Chun’s abstract paintings are intricate explorations of speed and time. The artist was trained at the Yale School of Art by abstract painter Jake Berthot who told Chun, “Your paintings are about speed, but you have to slow it down in order to show it.” These works’ compositional format informs the speed in which he paints; square depicts a slow speed, rectangle an average speed, and elongated landscapes the fastest. Each band traverses the canvas to suggest momentum and direction. Yet thick globs of paint disrupt these trajectories, asserting dimensionality and transitioning the work from the second dimension to the third.
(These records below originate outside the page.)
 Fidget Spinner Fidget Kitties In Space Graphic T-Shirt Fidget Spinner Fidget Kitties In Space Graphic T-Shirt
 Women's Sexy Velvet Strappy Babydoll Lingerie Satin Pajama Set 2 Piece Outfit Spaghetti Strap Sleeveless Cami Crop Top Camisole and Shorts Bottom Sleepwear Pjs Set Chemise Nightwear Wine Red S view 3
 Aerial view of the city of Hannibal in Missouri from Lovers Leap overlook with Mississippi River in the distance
A highly technical and precise painter, Chun utilises a three-part process to create his compositions. First, he washes the canvas with random colours of paint in thin stripes. Next, Chun carefully masks the surface with hand-cut strips of tape, varying in width. Last, he deploys what he calls the “micro” in which he adds small details spontaneously chosen and inspired from a number of resources that include memories from his life, pop culture and art historical references such as European modernity and East Asian painterly traditions. Chun’s recent paintings are also largely influenced by the ocean, which comprises a central part of his life in Oahu: “While swimming in the ocean, everything is in flux so my visual perception of my surroundings constantly changes. I love the fact that even the horizon line moves up, down, and even tilts.”
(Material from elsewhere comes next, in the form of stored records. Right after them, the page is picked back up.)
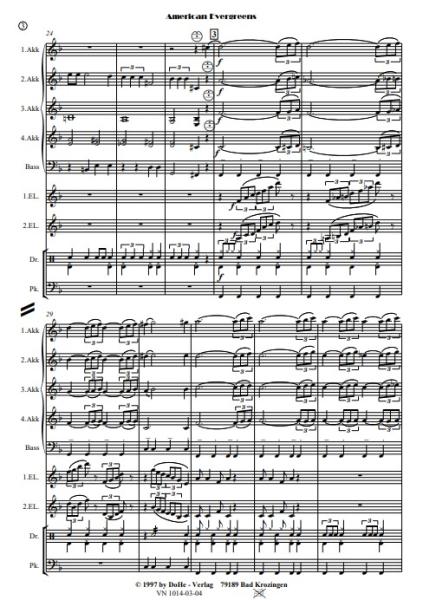 American Evergreens, Werner Heetfeld, Akkordeon-Orchester, Medley, Potpourri, Welthits, mittelschwer-schwer, Akkordeon Noten, Einblick in die Noten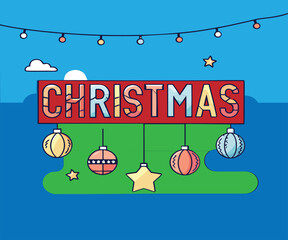 Happy Easter and Merry Christmas holiday card design vector illustration set banner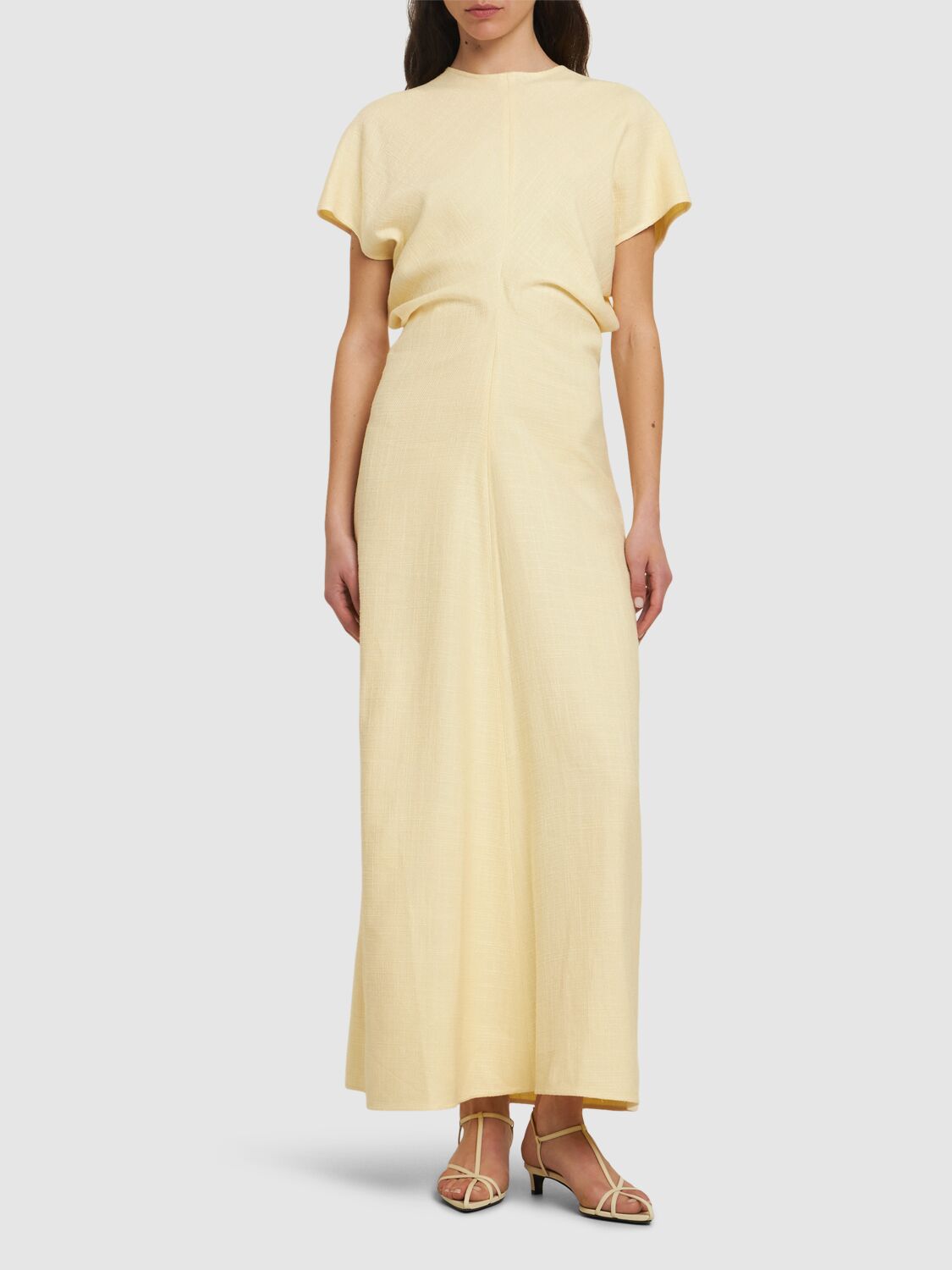 Totême Slouch Waist Viscose Blend Long Dress In Neutral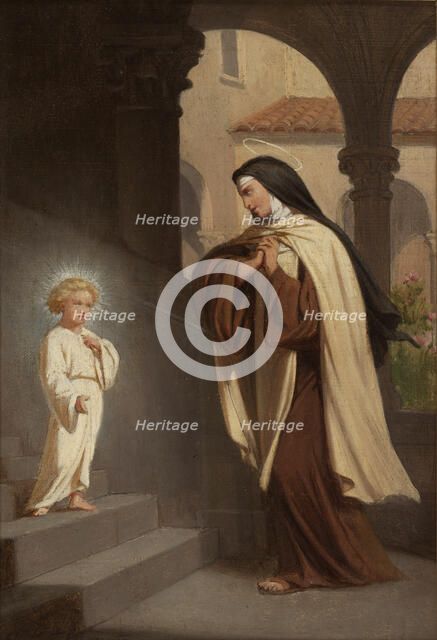 Esquisse pour l'église Saint-Louis-en-l'Ile : Jésus apparait à sainte Thérèse, 1866. Creator: Charles Emile Hippolyte Lecomte-Vernet.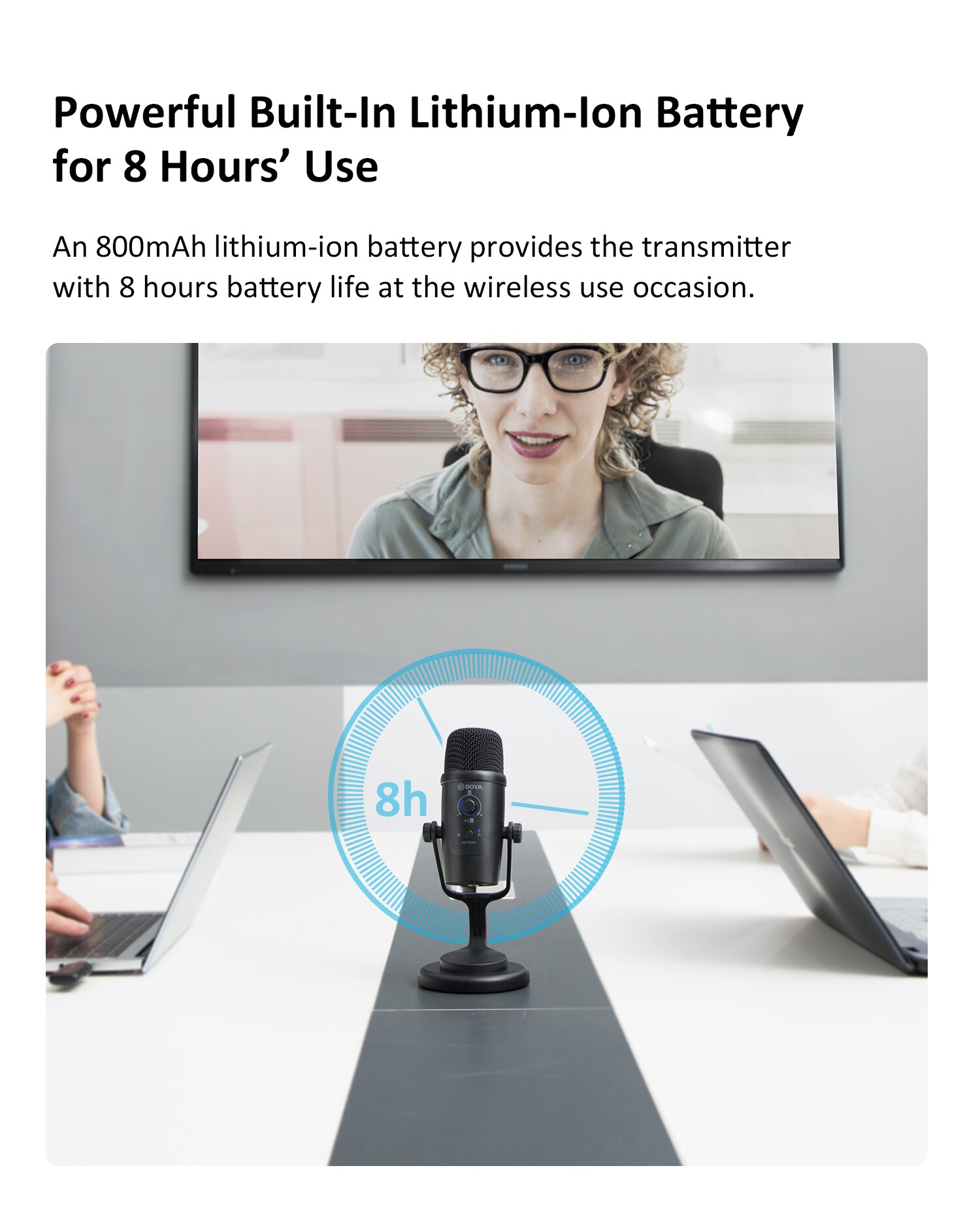 BOYA USB Condenser Wireless Microphone BY-PM500W Professional Mic for PC Laptop Streaming Recording Vocals Voice Gaming Metting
For Lorenzana, there is a similar preoccupation with challenging painting’s traditions. The Heads works emerged as the artist’s most recent series and plays upon portraiture’s art historical tradition. Earlier sketches like Mr Swabe (2014) or Drawing 2 (2016) already reveal Lorenzana’s preceding interest in distorting the genre as he renders impish and unsettling portraits of circus characters. In his intimate 2024 series, Lorenzana departs from mimesis, opting instead to strip down, warp, and rebuild the sitter until they become completely abstracted. What remains are large, colourful, rectangular heads that occupy almost the entirety of the canvas.
In contrast to Chun, Lorenzana’s practice is entirely self-taught. His professional background in public administration and in the Philippine Senate makes him keenly attuned to people. This social intelligence is perhaps what informs his portraiture such that no two depictions are the same. Each is unique in the subtleties of colour and facial features. Some of his subjects are actual people, while others remain fictional. Inevitably, however, the complete anonymisation of each (real or fake) sitter’s physiognomy further augments Lorenzana’s interest in the nonrepresentational, transcending form and meaning.
Chun and Lorenzana’s joint works, CCxLL, riff on one another’s exploratory painting strategies. Chun uses his characteristic masking method to create Baconian demarcations of space, with bold angular bands adding depth against dark backgrounds. The bold angular bands imbue a sense of depth against the black backgrounds. Subtly rendered lines evoke landscapes, endowing a meta-like quality to the composition and engaging with the legacy and reinterpretation of tradition. Lorenzana’s signature heads, scaled down and scattered throughout the composition, rework the painterly surface in an almost disorienting manner. The visages’ undulating pattern, rendered in vivid colours, juxtapose the composition’s otherwise dark aura. In these co-authored works, Chun and Lorenzana push the boundaries of painting as a medium, creating pieces that are simultaneously elegant, intricate, and rich in meaning.